1. There’s Vomit, And There’s VOMIT.

Baby sick, just like baby poo, is harmless. It’s just milk, and milk is pretty much just water, so it’s fine. Toddler sick, however, just like toddler poo, is a different kettle of fish. It’s the same as grown-up sick and grown-up poo, so whatever they’ve been eating – a kettle of fish, say – is a lot chunkier and more noxious when returned to the outside world than the adorable little ralphs they used to produce.  

2. Kids Don’t Always Get It.

My daughter spent most of last week throwing up everything she ate or drank – often onto me. She’s only little (20 months), and didn’t quite know what was happening. She’d suddenly get all whimpery, hurl everywhere, and say: “Spit out! Spit out!” in a sad little voice. Bless her. I have too much respect for her privacy to mention whether, at any point, she looked at some vomit glistening on the back of her hand and tried licking it up, necessitating a Matrix-style leap across the room on my part to intervene.

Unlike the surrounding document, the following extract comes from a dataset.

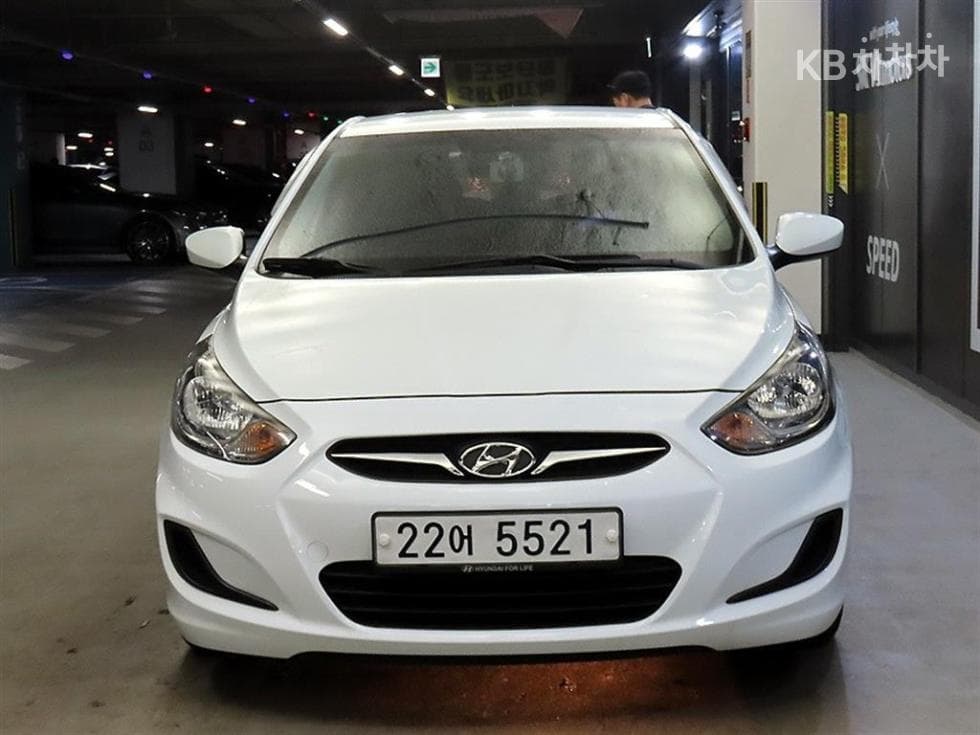 Hyundai Accent(신형)1.6 VGT Luxury - 2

3. It Gets Everywhere, That Stuff.

Have you ever thumbed ‘upchuck’ out of the holes in your belt? I have! It’s colossally disgusting. It would be satisfying if the sick were a bit more substantial, and came out retaining the hole’s shape, like pressing Play-Doh through a mould. But it isn’t, it’s sick – and you have sick on your thumb, and there’s also still sick on your belt, and your trousers, and your life, and your world. Similarly, attempting to polish the yak out of a squirming toddler’s ear after they’ve rolled around in it (like the bit in Pitch Perfect where Lilly Onakuramura does a ‘puke angel’) is not fun for anybody.

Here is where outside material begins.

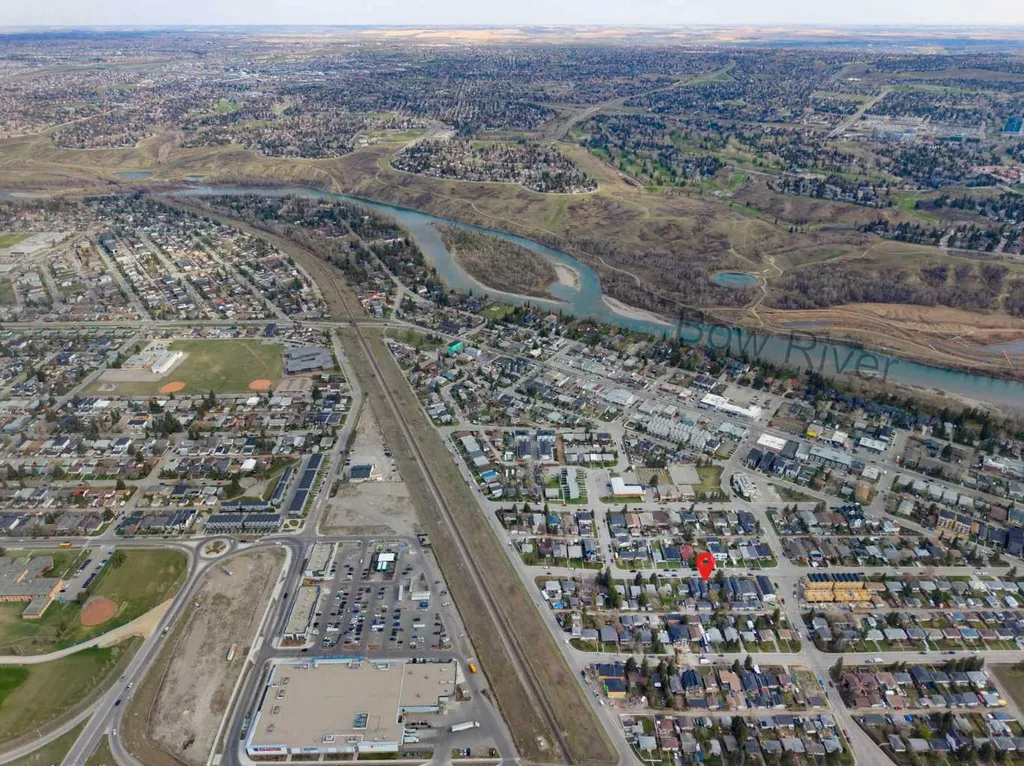 6417 34 Avenue NW Calgary AB T3B 1M9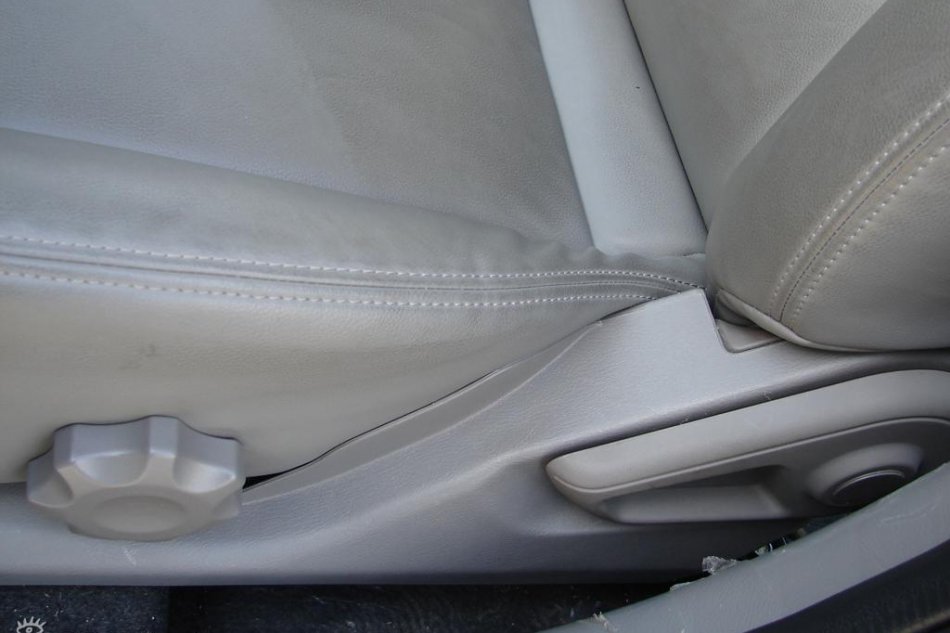 长安悦翔到店图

4. Sick Lingers In The Air.

Few things make you feel a worse parent than dropping your toddler off at nursery and having to apologise for her whiffing of honk. “I washed her hair, but she still smells,” you stammer, telling the truth but feeling like a liar, certain the police are about to turn up and throw you in Parent Jail for not having time to give her a second bath.

5. The Aftermath Is Nastier Than The Main Event.

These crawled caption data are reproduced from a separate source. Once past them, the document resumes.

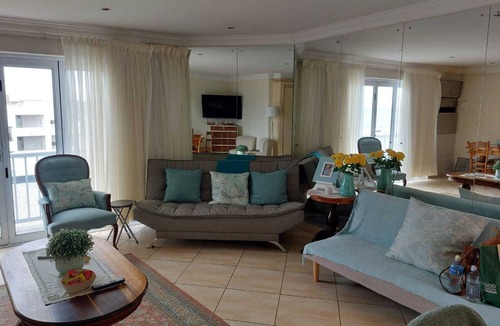 Jeffreys Bay Apartment | Lovely 2 bedrooms, 2 bathrooms Flat with sea view
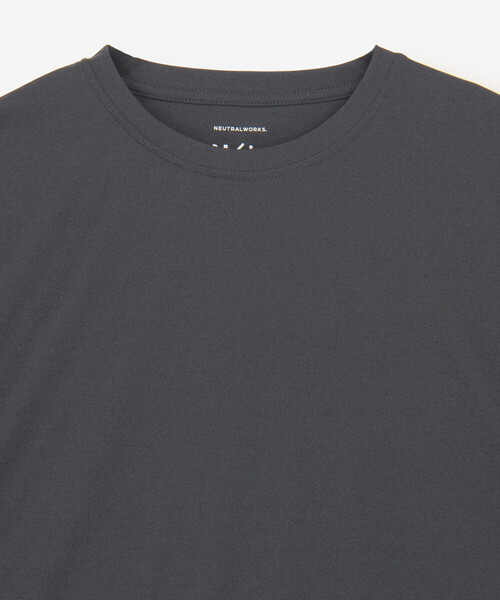 Bshop(ビショップ)の「NEUTRALWORKS. | 〈別注〉クルーネック 半袖Tシャツ MEN(Tシャツ/カットソー・メンズ・ブラック/グレー/ホワイト・L/M/S)」の10枚目の写真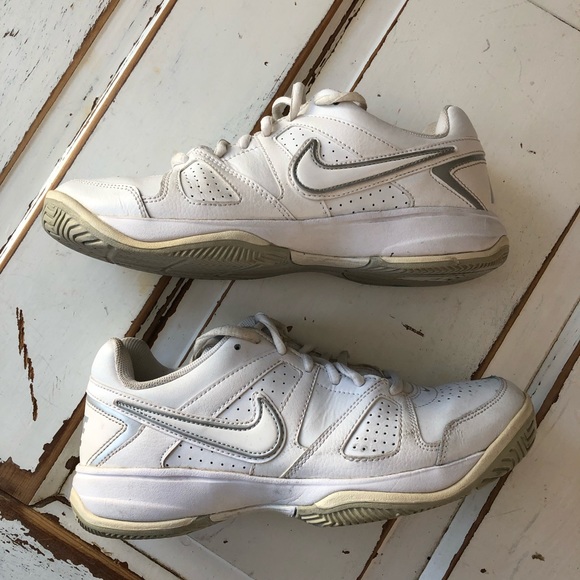 nike city court vintage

While your child is throwing up, you’re not that disgusted, because you’re concerned about your little one and making sure everything that needs to come out, comes out – and that they don’t choke, and you can give them a cuddle to reassure them. But once they’ve finished, you’re the one who has to deal with the spew that’s left over, the spew you’ve just cuddled into your jumper and beard. The panic and fear come to an end, and there’s just a cooling pool of vomit that grows more disgusting with every second that passes.

6. Cleaning Vomit Is... Bad.

About 30 seconds after stuffing barf-covered sheets into the washing machine in the dead of night, it might occur to you that maybe you could’ve done something with the vomit beforehand. What, though? Spraying it off with the shower head would have just led to a drain full of sick. Scraping it off with a butter knife would probably result in more vomiting from you. And going outside whirling the sheets around your head to clear the biggest chunks almost certainly counts as antisocial behaviour. Better to just stuff ’em in and get ’em done, right? Sure, for now. But later on, you have the unique experience of lifting incredibly clean slivers of partly-digested food out of your washing machine. “Ooh,” you think. “That piece of mince is in surprisingly good condition.”

7. Sometimes You Have To Jump In Front Of The Bullet.

When there’s a load in the washing machine, a pile of sicked-on sheets and clothes waiting to go in there next, a pillow with two kilos of guts in it and some unwell pre-purge whimpering coming from your child, Operation Human Shield feels like a good idea. “It’s easier to wash my body than the carpet!” you think, hugging your toddler as the contents of their stomach flow down your bare back. Later, as you clean chunder from your own bum, you wonder whether you are even still a person.